Photo: Fundamentalist Jerry Falwell, founder of the Moral Majority, a political-action organisation to mobilise religious conservatives, with President Ronald Reagan. Credit: Salon.com - Photo: 2020

America’s Christian Right, Republicans and Donald Trump – 3

Viewpoint by John Newsinger*

This is the third of a six-part article originally published in International Socialism under the title The Christian right, the Republican Party and Donald Trump. Click here for part two of the series.

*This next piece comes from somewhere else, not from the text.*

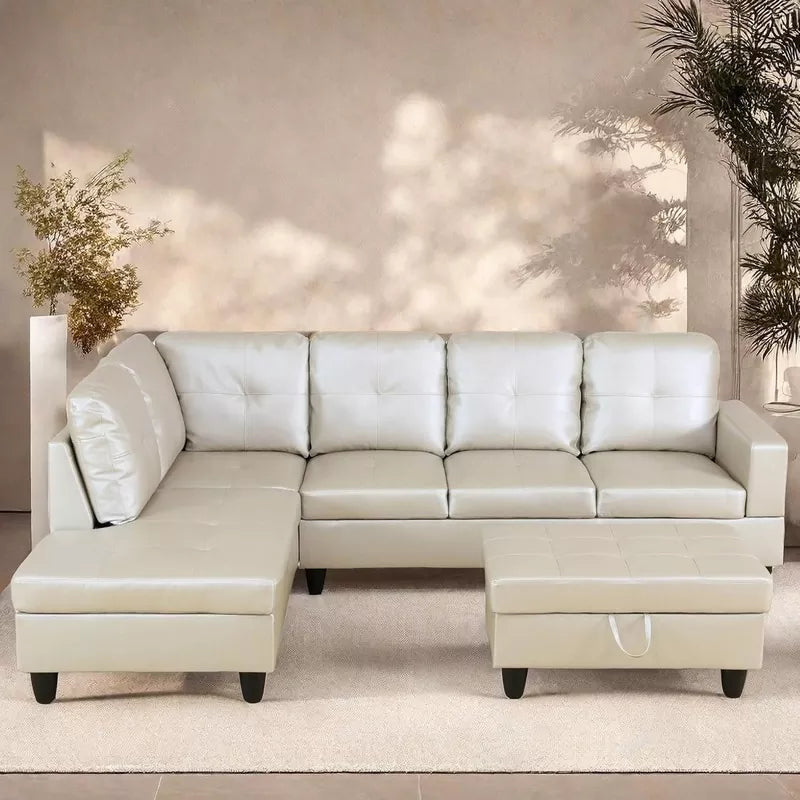 L Shaped Sectional Couches Sofa with Ottoman Storage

Any views or opinions expressed are solely those of the author and do not necessarily represent those of IDN-InDepth News.

LONDON (IDN) – Graham was, according to one of his biographers, by this time, “something like an extra officer in Nixon’s cabinet, the administration’s own Pastor-without- Portfolio”. Or as the left-wing journalist I. F. Stone put it, he was Nixon’s “smoother Rasputin, dishing out saccharine religiosity”.

He was to support Nixon when he recognised Communist China, something that outraged many evangelicals and stuck by him even as Watergate began to engulf his administration. On occasions he even indulged the president’s antisemitism.

He agreed with Nixon that the Jewish liberals’ “stranglehold” over the media “has got to be broken or the country’s going to go down the drain”. They were the ones “putting out the pornographic stuff”. He went on to tell Nixon how the Jews “swarm around me, are friendly to me, because they know I am friendly to Israel and so forth. They don’t know how I really feel about what they’re doing to this country”.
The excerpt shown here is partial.